Joel and Rochelle Payne are putting themselves out there and trying to be the change they want to see in New Zealand by building an eco home on the Pohutukawa Coast.
Words: Carolyn Enting
The Living House is a public, as well as private, project for Rochelle and Joel Payne. Their Beachlands home – currently a work in progress – is set to become the first residential Living Building Challenge certified building in New Zealand. The Living House is also targeting 5 Star Lifemark, 10 Homestar and Passive House certification and will be the first building in the world to hold all of these certifications.
The home will be zero waste to landfill in construction, and in operation, generating all of its own electricity on site, collecting all of its own potable water and dealing with all of its own black and grey water on site.
Designed as a four-bedroom, two-storey house with an attached single-storey one-bedroom apartment, the house will be made out of rammed earth with a low pitch green roof complete with solar panels. Rainwater tanks (50,000L) are being provided to satisfy both fire department regulations as well as provide the potable water for the house. Composting toilets are also being installed along with a grey water filtration system with subsequent dispersal into evapotranspiration beds.
Joel (who owns and operates his own business manufacturing slab edge insulation for concrete slabs) and Rochelle (an electrical engineer and green building consultant) intend to live there with their children Isabella, 6, and Nicolas, 4. The first phase, a one-bedroom dwelling, is half completed and the family have moved into that in the meantime. The grey water gardens are planted, and many of the rammed earth walls are in place.
Their belief that the world is changed by your example, not by your opinion, is the reason they are publicly documenting every aspect of their house build on their website (livinghouse.org.nz) and Facebook page (facebook.com/TheLivingHouseNZ).
They hope to inspire everybody from homeowners to architects and builders to start to think differently about what they are doing, and that as many people as possible will copy what they are trying to create.
To allow this to occur they are sharing, for free, all of the resource consent, discharge consent and building consent information they have gathered. They are also creating and sharing a database of the products and materials they have used on the project so future projects have an easier route to achieving the same outcomes.
While some may view this as valuable IP for Rochelle, a green building consultant, she believes that it will not be possible to transform society if consultants ‘hold onto’ information and is therefore freely sharing all her knowledge with everyone in the hope of creating a more sustainable and greener New Zealand.
“By providing a positive example of what can be achieved, the Living House is trying to show people that it is possible to build better homes in New Zealand and that we don’t have to settle for cheap lightweight timber-framed buildings that degrade the local environment and the planet in general,” says Rochelle. “Every dwelling in New Zealand has the opportunity and ability to produce its own energy and water and is also able to deal with large portions of its waste products (black water, greywater as well as rubbish that is sent to landfill).

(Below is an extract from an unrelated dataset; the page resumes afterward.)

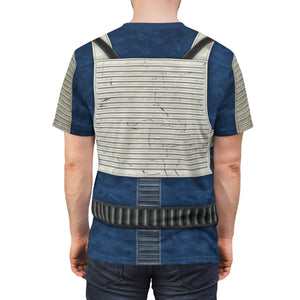 Blue Squadron Resistance Pilot Star War Saga Costume T-Shirt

However, the majority of the New Zealand population choose not to do this as it is so easy to flush the toilet and put out the recycling bin. We are trying to shine a bright light on this issue and educate people that humanity just cannot keep doing that.”
The influence of The Living House project has also given birth to two other initiatives. As The Living House is trying to use natural materials wherever possible, the family has been collecting driftwood, sea glass and stones off beaches in the Auckland area to use in the design and construction of the house. Whilst collecting these items they began to notice the amount of rubbish on the beaches they were visiting and started picking this up as well. After a while they thought “wouldn’t it be great if all boaties did this as well” and the new Boaties Beach Clean-up initiative was born.
Cleaning up the beaches they visited led Joel and Rochelle to realise that beach clean-ups were really just the ambulance at the bottom of the cliff and that for change to really occur people would have to be inspired to change the way they live, and especially what they buy. This realisation has led to them to get another initiative off the ground in their local community – Plastic Free Pohutukawa Coast.
Living Building Challenge
The Living Building Challenge is an international rating tool that is attempting to dramatically raise the bar from a paradigm of doing less harm to one in which we view our role as steward and co-creator of a true “Living Future”. The challenge defines the most advanced measure of sustainability in the built environment possible today and acts to rapidly diminish the gap between current limits and the end-game positive solutions we seek. The new dwelling will need to be Net Positive Water, Net Positive Energy and Net Positive Waste. This is a core concept within the Living Building Challenge that requires the project to either produce more than it uses, treat more than it is responsible for, or use waste already in the waste stream.